By the end of 2018, the market share of Android system in the leading position among global mobile terminals has reached 85% [1]. Due to the high openness and extensibility of Android system, malware makers can easily develop a large number of malicious software, making Android mobile terminals more vulnerable to malware attacks [2]. About 97% of mobile malware is developed for Android mobile terminals [3]. In order to prevent and mitigate the harm of malware, this paper studies the security of Android mobile applications.

In order to protect users' privacy [4], researchers at home and abroad have proposed various methods. These methods can be divided into static analysis and dynamic analysis [5]. Static analysis is to extract the corresponding characteristic information from the source file of the program for analysis [6]. The detection process is relatively simple. The overall analysis of the program from the global perspective can quickly and efficiently analyze the malware [7], but the application cannot be dynamically loaded and the intrusion detection cannot be suddenly found when the application is running. In dynamic analysis, the behavior features extracted by the application during the running time are compared with malicious samples [8]. In this process, a lot of overhead will be generated and the detection efficiency is low. It cannot detect the current massive amount of malicious software quickly and effectively. Considering that the number of malicious applications is increasing rapidly, this paper adopts the static analysis method to analyze the applications on a large scale.

In recent years, people commonly use machine learning methods to detect malware, such as support vector machines (SVM) and Naive Bayes, etc [9]. Moreover, in the field of image recognition and voice recognition, deep learning has shown the optimal detection performance [10], which has been widely concerned by researchers. Extracting a large number of behavioral features from software will contain irrelevant and noisy behavioral features, which will have a negative impact on malware detection [11]. we need to screen the extracted behavioral features, remove noise and irrelevant data [12] in the data set, and improve the performance of the classifier [13]. All in all, researchers have proposed many detection methods based on deep learning [14], which only extract feature information from applications, and insufficient analysis of the extracted features reduces the accuracy of application detection. It is also considered that the use of dynamic analysis causes additional overhead in the detection process, such as increasing the time for training the model, occupying a large amount of computing resources, etc., and it is impossible to quickly and effectively detect unknown applications. So, this paper proposes the detection method of deep learning Android malware based on feature analysis. This paper uses static analysis technology to propose the research and design of a deep learning Android malicious detection system based on feature weighting. On the one hand, it eliminates redundant features that are not related to detection, and enhances the ability to distinguish malicious applications to reduce additional overhead. On the other hand, it conducts comprehensive detection and analysis of applications, automatically digs deep features, and analyzes the information between features to quickly and effectively detect Android applications more accurately. The study shows that our method has better performance than most existing detection methods, and can detect 95.31% malware with 93.32% accuracy.

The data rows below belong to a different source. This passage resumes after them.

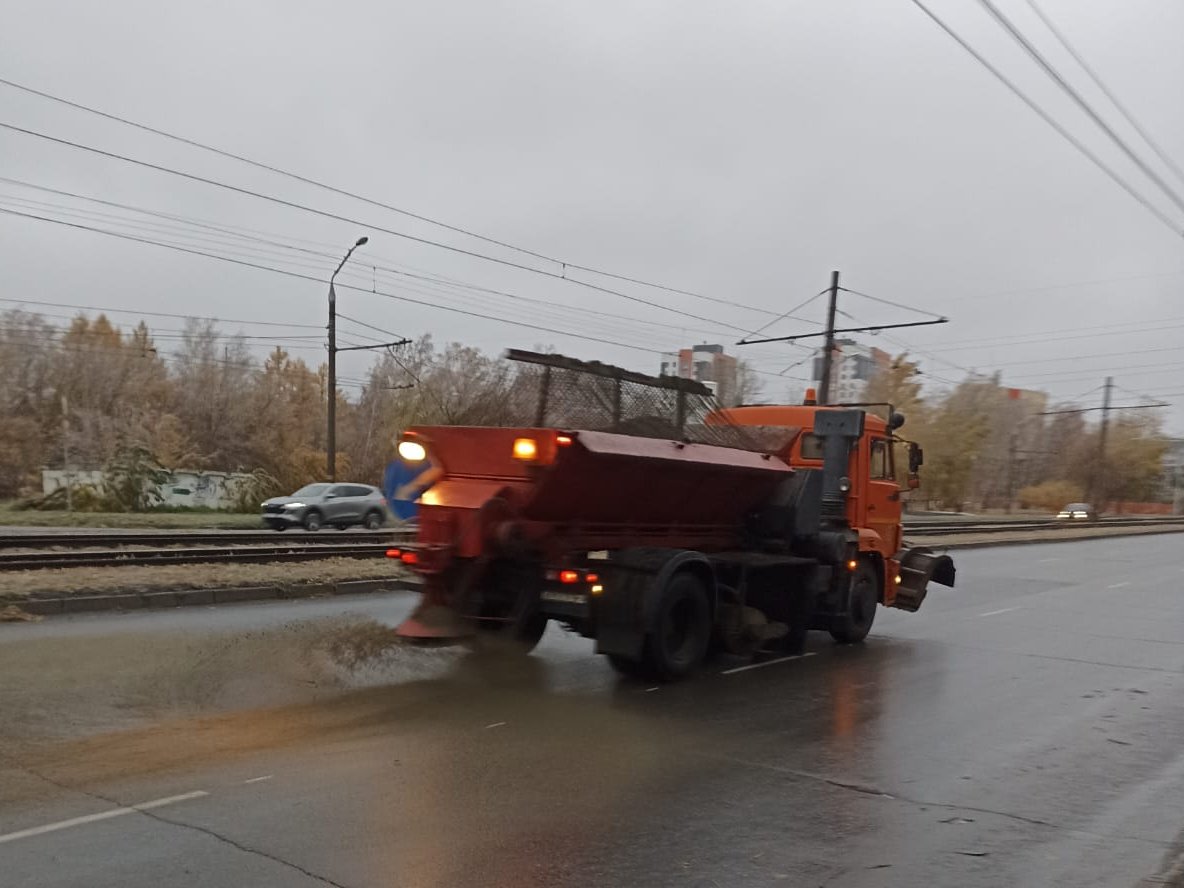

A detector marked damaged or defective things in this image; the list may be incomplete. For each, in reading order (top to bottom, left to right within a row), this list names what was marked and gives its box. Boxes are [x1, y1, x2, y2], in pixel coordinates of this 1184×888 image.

road surface crack [1, 753, 350, 888]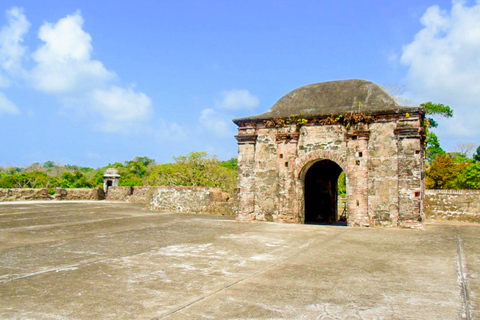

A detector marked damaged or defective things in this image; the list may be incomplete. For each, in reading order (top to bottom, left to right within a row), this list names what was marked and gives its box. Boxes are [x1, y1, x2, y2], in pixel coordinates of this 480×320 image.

cracked pavement [0, 201, 480, 318]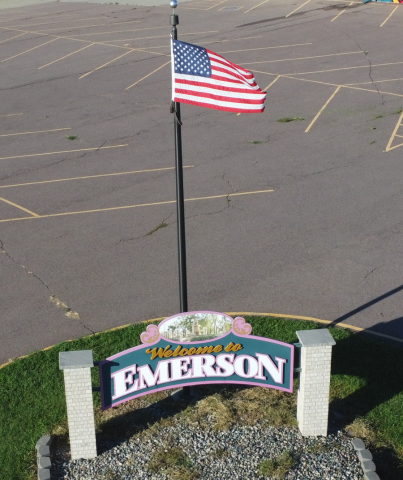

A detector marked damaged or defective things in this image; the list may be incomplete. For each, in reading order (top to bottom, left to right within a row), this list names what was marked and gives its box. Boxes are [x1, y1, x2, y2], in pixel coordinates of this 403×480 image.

pavement crack [0, 240, 88, 330]
cracked pavement [0, 0, 403, 364]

In summary, this paper makes the following contributions:

• Combining the TF-IDF algorithm, consider the importance of each behavior feature between malicious and benign applications, and generally consider the degree of association of each behavior feature to malicious or benign applications. Reduce the weights that evenly exist in the behavior characteristics of malicious and benign applications, and enhance the behavior characteristics specific to malicious and benign applications.

• We built LSTM models with different network structures to detect Android malware, and selected the model structure with the best detection effect to detect Android malware through experimental analysis.

• We assessed our method with 95.31% accuracy using different types of behavioral characteristics and compared them with machine learning methods.

The rest of this paper is organized as follows: Related work is introduced in Section 2. Approach we proposed is presented in Section 3. Evaluation and comparison with related approaches are presented in Section 4. Section 5 concludes the paper.

2. Related Work

In the past years, Android malware detection has been a research area of concern. In order to protect personal information from being leaked, many new detection technologies have been proposed. At present, researchers at home and abroad mainly detect Android malicious applications from static analysis and dynamic analysis [15].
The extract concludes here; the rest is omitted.